ところでこういった「世代くくり」という考え方は、それこそローマ時代からあるそうなのだが、僕は長年そういった考え方を否定してきた人間だ。
 
しかし表を歩いていれば非常識な若者に遭遇することはあるし、W杯で浮かれる若者に対して「ニワカのクセに!」と思ったりすることはある。(笑)
 
そういった時にはどういった納得の仕方をしているのかといえば、世代ではなく「こいつら」と範囲を狭めてくくることにしている。
 
同じように思うかもしれないが、これはだいぶ違う。
 
若者を世代でくくるのはよくないことだ。
しかし行動に対して束でくくることには問題を感じない。
そしてよくよく周囲を見渡せば、全年齢層に困った方々がたくさん分布しているのだ。
 
クソガキ、中坊、生意気JK、パープリン(死語)大学生、バカ新入社員、クソオヤジ、クソババア、クソジジイ……
 
言葉が汚くて申し訳ない(笑)。
 
これらは世代分けというよりは個体をカテゴリーに収めているだけの言葉だ。
「コイツはなまけモノの働きアリ」といった感じだろうか。(笑)
こういった考え方をすることに対してはまったく抵抗のない自分がいることを知った。
 
 
そして、自分が罵りたくなるような人間というのは、実は一生受け入れがたい嫌いな存在のまま自分と並行して年を重ねているだけの話なのではないだろうか?と思ったりするのだ。
 
クソガキはそのままパープリン(死語)になり、バカな新入社員時代を経てやがてクソ中年になり、クソジジイとして自分に迷惑をかけ続けている「縦の流れ」があるわけである。
 
こういった相性の悪い別タイプが全年齢にまんべんなく分布しており、時代の流れで主流派になったり穏健派になったりしているだけの話なのではないだろうか?
 
あるいは一部勢力の露出といったことだけで、あたかも時代の象徴とされてしまいかねないマスコミの報道にも問題を感じるが、つまるところ時代の流れなんてものすらないのかもしれない。

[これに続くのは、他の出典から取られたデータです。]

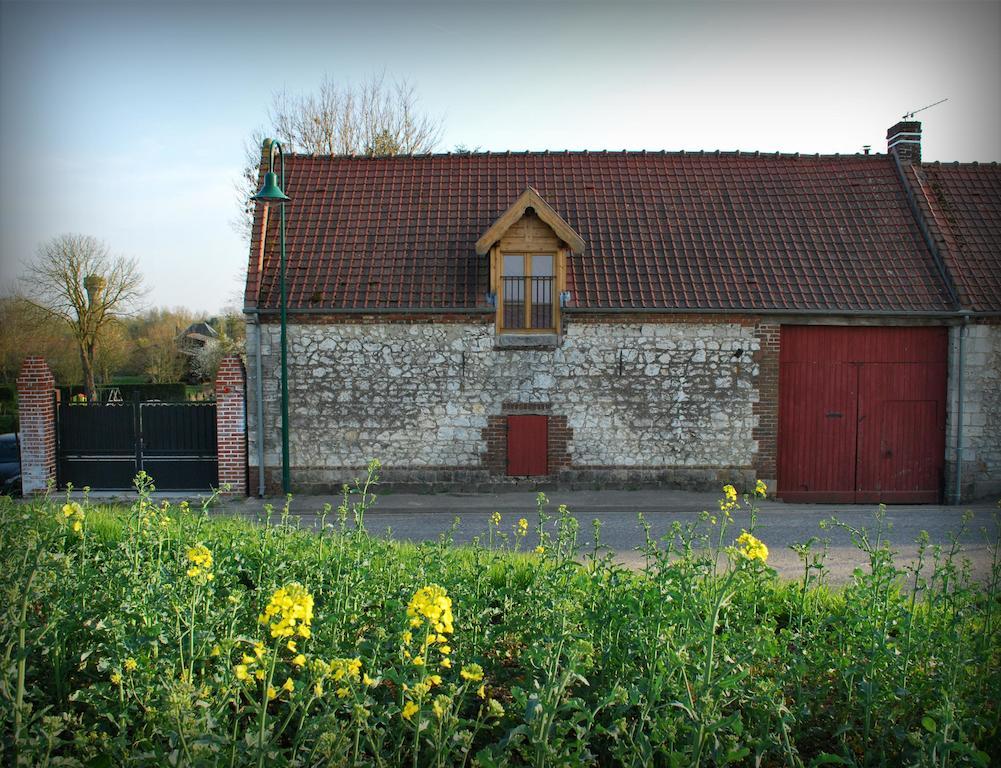Chez Fifine Villa Mont-Saint-Eloi Стая снимка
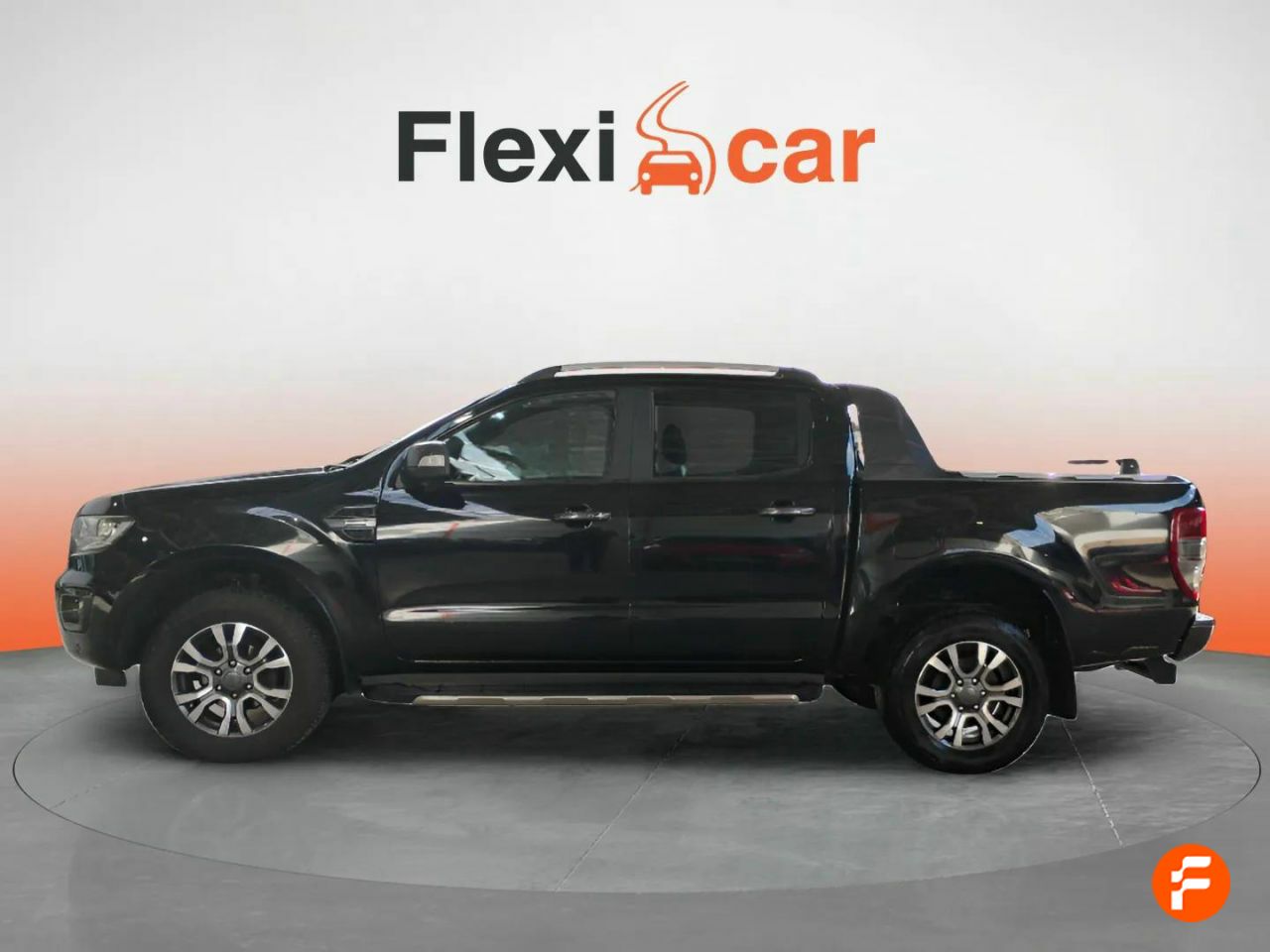 Foto Ford Ranger 4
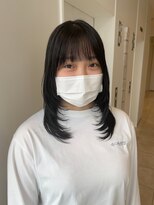 ケーツーナゴヤ(K two NAGOYA)&nbsp;レイヤーカット【k-two名古屋/栄町/矢場町】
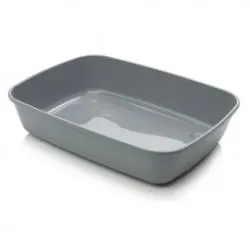 Pet Expert Litiera Cleany Basic 42 cm Grey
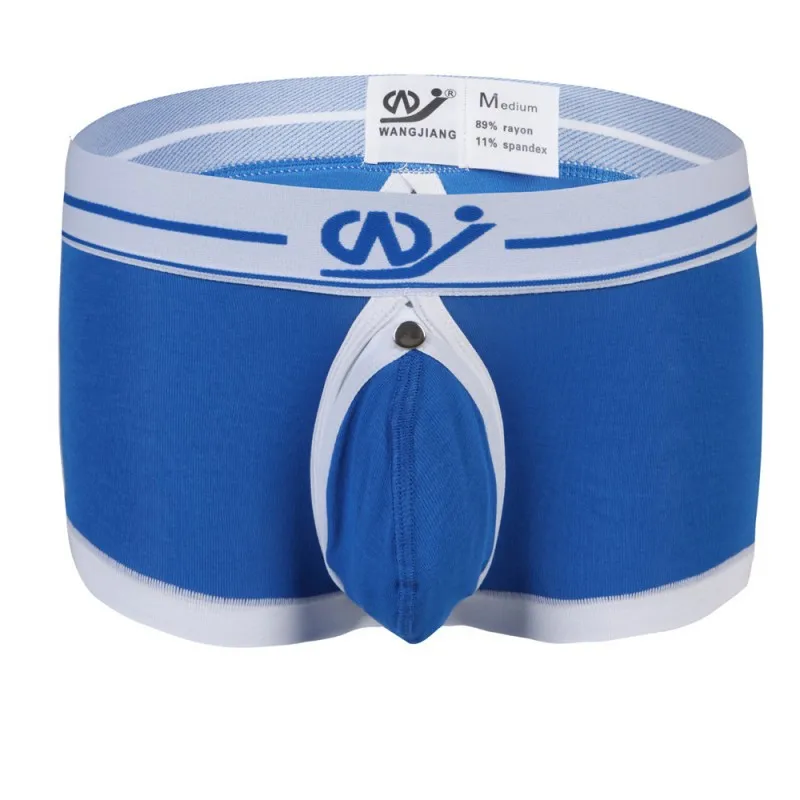 Бренд сексуальное нижнее белье плавки Для мужчин трусы боксеры s боксерские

変なヤツは大昔からずっと一定量存在し続けているだけの話なのだ。
 

同様に相性のよい束集団というのもたくさん存在する。
 
「ブラサカのみなさん」なんて括り方は世代に関係なく実に共通の価値観を共有できるではないか。かなり反則気味な例えではあるが。(笑)
※ブラサカ=ブラッドサッカーズの略称。VAMPSファンの意。
 
そして僕は幼稚園児〜小学校中学年ぐらいまでの良い子たちとの相性がよい。
それと年齢はわからないがジジババとも仲がよい。
というか、なぜだかやたら話しかけられる。
 
…いい人アピールをしたいわけではない。
ジジババやガキよりも若い女の子にモテた方がいいに決まっているからだ←
 
あれ?
こちらは世代でくくってもまるで気にならないのはなぜだろうなぜかしら?
 
人間とは矛盾だらけの考え方をしているのだなぁ…と浅く思ったところで本日のブログを終了したいと思う。